La muerte de Joan Sebastián Guerrero, ciudadano colombiano de 26 años, en una redada del ICE en Maine, elevó a nueve la cantidad de muertos en operaciones de deportación masiva iniciadas por la Administración Trump. Guerrero, que tramitaba un permiso de trabajo, cayó abatido tras un enfrentamiento con agentes que lo acusaron de usar su camioneta como arma. El incidente, como otros anteriores, desató críticas de defensores de los derechos humanos y legisladores demócratas, que exigen una investigación independiente.

La tragedia se suma a casos anteriores, como el de Lorenzo Salgado Araujo, mexicano de 35 años, fallecido en una redada en Houston. El ICE sostuvo que el trabajador, que vivía en EE.UU. desde hacía casi tres décadas, intentó embestir a un agente, lo que justificó el disparo. Sin embargo, grabaciones de videos previos contradicen esas narrativas, mostrando a agentes en situaciones que no se alinean con sus explicaciones oficiales. A pesar de los hechos, ningún agente de inmigración ha sido acusado en relación con los casos fatales.

El contexto se remonta a marzo de 2,025, cuando un tiroteo en Texas marcó el primer asesinato mortal cometido por agentes federales durante la represión migratoria. El caso tardó casi un año en hacerse público, evidenciando una falta de transparencia en las operaciones del ICE. «El secretario de Seguridad Nacional me informó que un agente abrió fuego tras que el joven usara su vehículo como arma», dijo el senador independiente Angus King, quien llamó a revisar los protocolos de seguridad.

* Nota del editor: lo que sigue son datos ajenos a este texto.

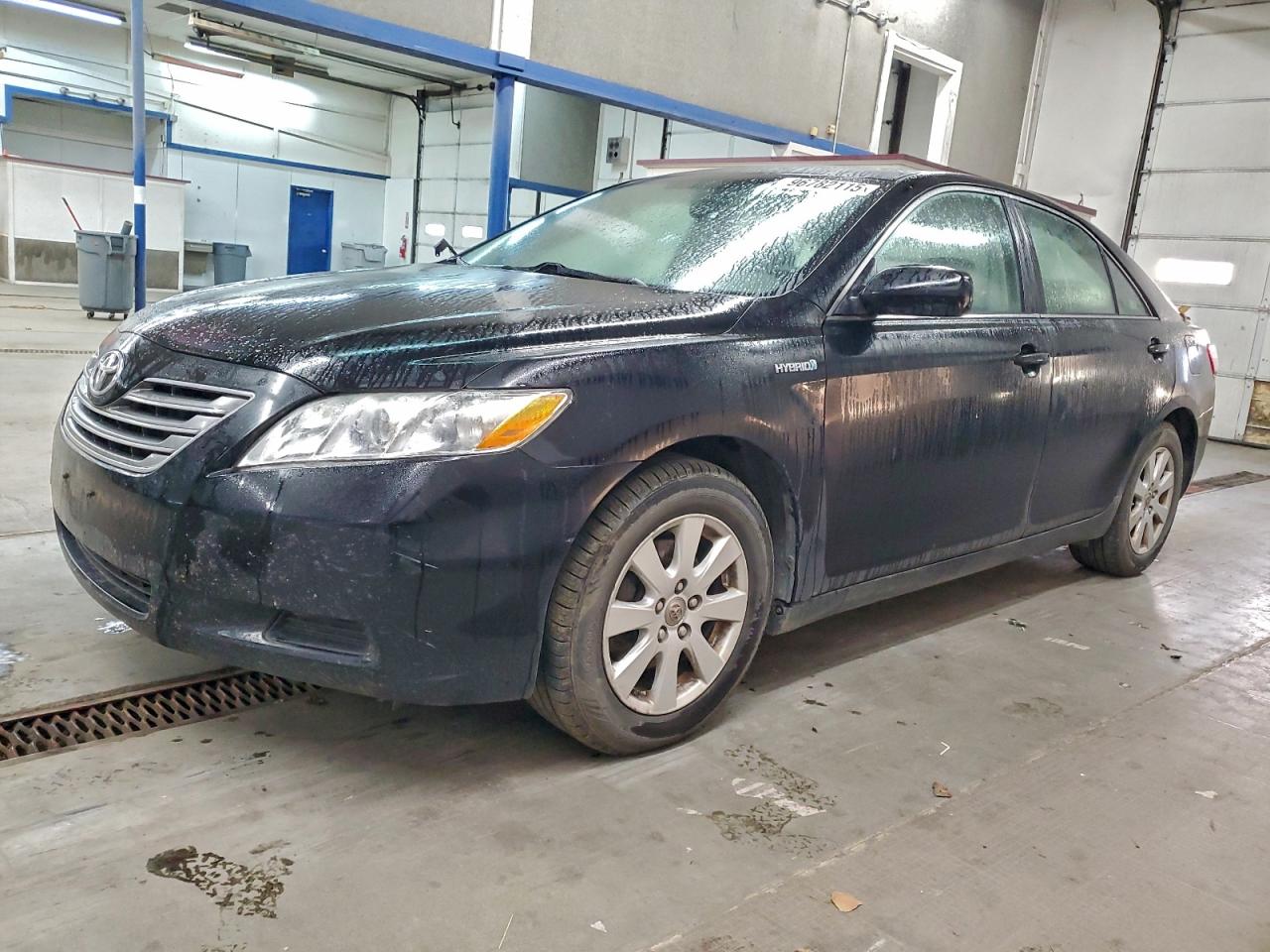 2008 TOYOTA CAMRY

Las autoridades justifican los incidentes como «defensa propia», pero activistas cuestionan la proporcionalidad de las acciones. «No se puede justificar la muerte de un ser humano con excusas que no abordan las causas reales de las violencias», afirmó una portavoz del colectivo de derechos humanos. Con la cifra de muertos en alza, las demandas por un proceso judicial imparcial se intensifican, mientras las familias de las víctimas siguen en busca de respuestas.

La escalada de muertes durante las redadas del ICE pone en evidencia la tensión entre la política de seguridad fronteriza y los derechos humanos, generando un debate que no se resuelve con justificaciones oficiales. Las denuncias continúan, pero la ausencia de investigaciones independientes deja en suspensión el balance entre control migratorio y respeto por la vida.